FIG. 8b shows a cross section view of an above bend positioning/stabilizer element with a hard metal surface underlain by a bladder now unsealed and depressed.

FIG. 9a shows a cross section view of an above bend positioning/stabilizer element with a hinged hard metal surface underlain by a deployed piston rod held in place by a piston housing connected to a sensor and battery pack.

FIG. 9b shows a cross section view of an above bend positioning/stabilizer element with a hinged hard metal surface now depressed by the retraction of the piston rod in response to a signal from the sensor and battery pack.

DETAILED DESCRIPTION

FIG. 1 shows a cross section view of an above bend positioning/stabilizer element 100 (generically positioning element 100) with a soft metal wearable outer pad 103 mounted on a blade 102 and underlain by a hard material surface 106. The parent housing body, which may be the housing of a down hole assembly or bottom hole assembly (BHA) is shown at 101. As can be appreciated, the blade 102 with both the wearable outer pad 103 and hard material surface 106 has a first radial extension from the parent housing body 101. When the wearable outer pad 103 wears, due to friction for example, the blade 102 with the hard material surface 106 will have a second radial extension that is less than the first radial extension.
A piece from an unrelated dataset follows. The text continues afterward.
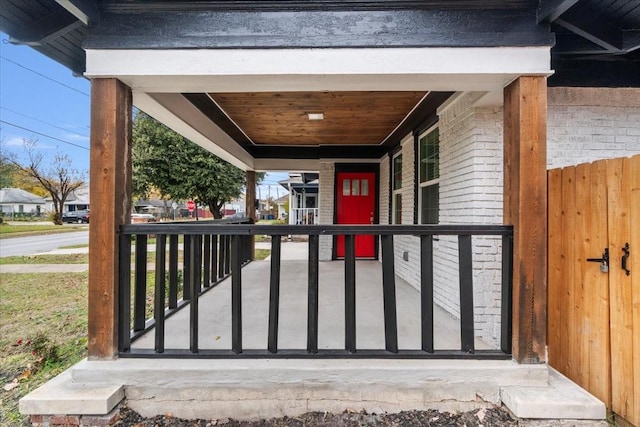 entrance to property featuring covered porch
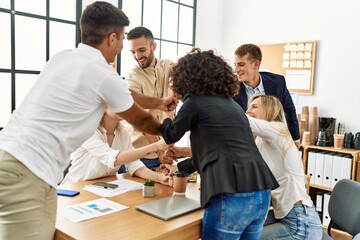 Group of business workers smiling happy celebrating making tower with fists together at the office.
Each of the embodiments described herein provides a positioning/stabilizer elements that have first radial extensions that are greater than the second radial extension. The hard material surface 106 may be referred to as a radially inner portion and the wearable outer pad 103 may be referred to as a removable radially outer portion.

FIG. 2 shows a cross section view of an above bend positioning/stabilizer element 200 with a soft metal wearable outer pad 203 mounted on a blade 202 and underlain by a hard material surface 206. In this embodiment soft metal wearable outer pad 203 includes hard material inclusions 204, sometimes referred to as interstitial hard material 204. The parent housing body is shown at 201.

FIG. 3 shows a cross section view of an above bend positioning/stabilizer element 300 with a dissolvable outer pad 305 mounted on a blade 302 and underlain by a hard material surface 306. The parent housing body is shown at 301. In an alternative embodiment (not shown) dissolvable outer pad 305 may be reinforced with harder material.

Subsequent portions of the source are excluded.